The first problem that effected Panera’s competitiveness was their inability to take on a greater capacity. Technology was the way around this situation. Through the use of mobile devices and apps, customers were able to predict pickup times in order to get their food. As a result, those customer are not standing in the restaurants utilizing space. By getting those customers in and out quicker, Panera was able to serve a greater number of customers. Therefore, by implementing technology into their business operations, Panera was able to increase their revenue (Smith, 2014, p. 65).
Panera also increased their catering services. In 2015, Panera opened 29 catering hubs. Being able to cater gives the company the ability to increase their revenue without having to worry about facility space. Panera has seen huge success with their catering services. Currently, Panera Bread is testing delivery services to see whether or not it is economically to include them into their business plan. “Panera has estimated that catering and small-order delivery, which currently is being tested, as well as branded products sold at retail, will grow to $1 billion businesses each” (Smith, 2014, p. 67). This is one way Panera Bread has overcome one of their disadvantages in order to remain competitive, while also increasing revenue.
Conclusion
Overall, Panera is able to maintain their competitive edge throughout the industry. They are considered one of the most successful companies in the gourmet food industry. They do have room for improvement, however. Panera should attempt to branch out internationally in order to gain higher profits. They should also reanalyze how the company offer’s their customer’s fresh bread. However, the company is still able to maintain their quality image throughout the industry. Given the increase in health conscious individuals, Panera should only become more successful in the future.
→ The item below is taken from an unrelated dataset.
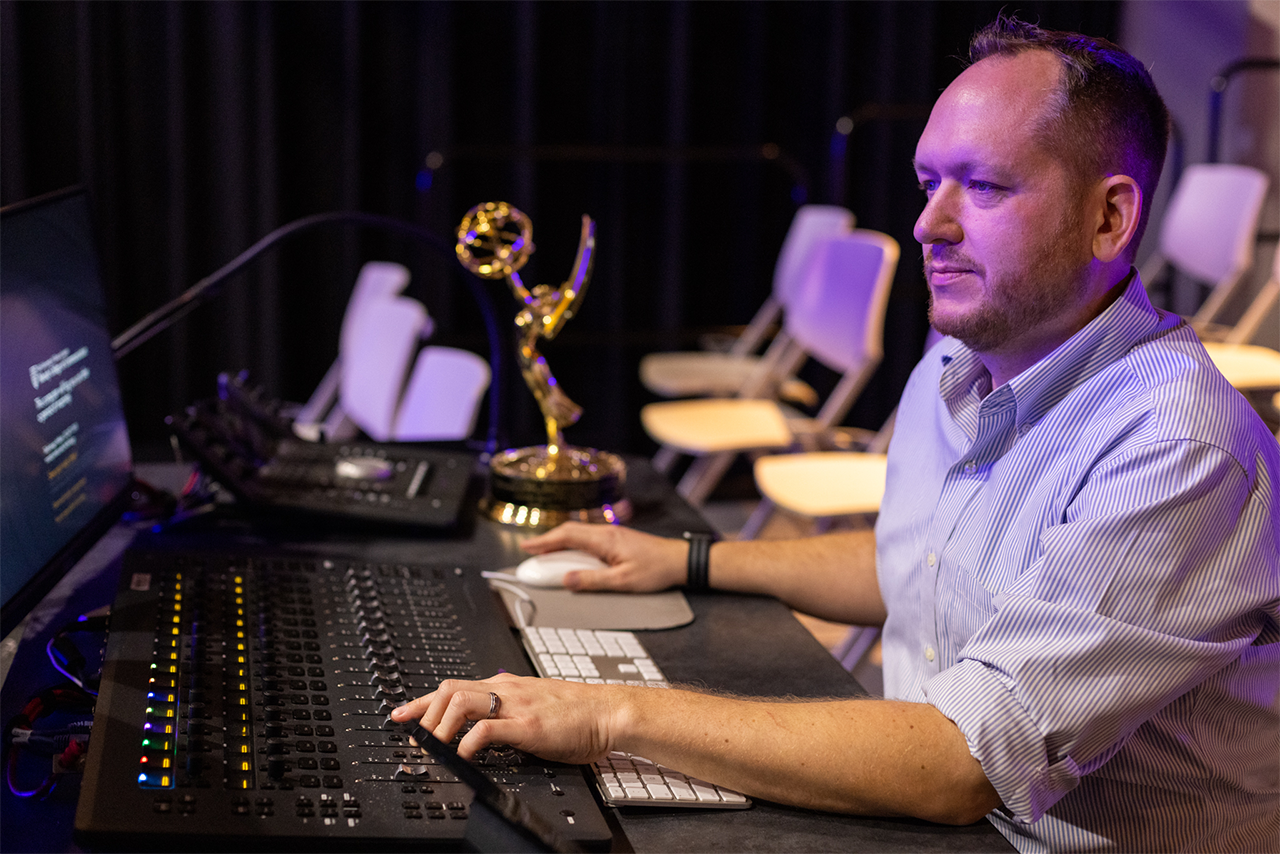 professor Korey Pereira sits at the computer editing audio with his emmy award on the desk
If they can remain ahead of their threats, then the company should flourish in the future.
Works Cited
Panera Bread Company. “Company Overview”. Panera Bread Company SWOT Analysis.
Panera Bread Company SWOT Analysis. “Panera Bread Company”. (2015). 1-8.
Sam Smith. “Panera Builds on its Vision”. Restaurant Business, 115, (2014) 64-74.
Thorn, Bret. “Panera executive assesses digital advances. Nation’s Restaurant News, 50(3), (2016), 30-31.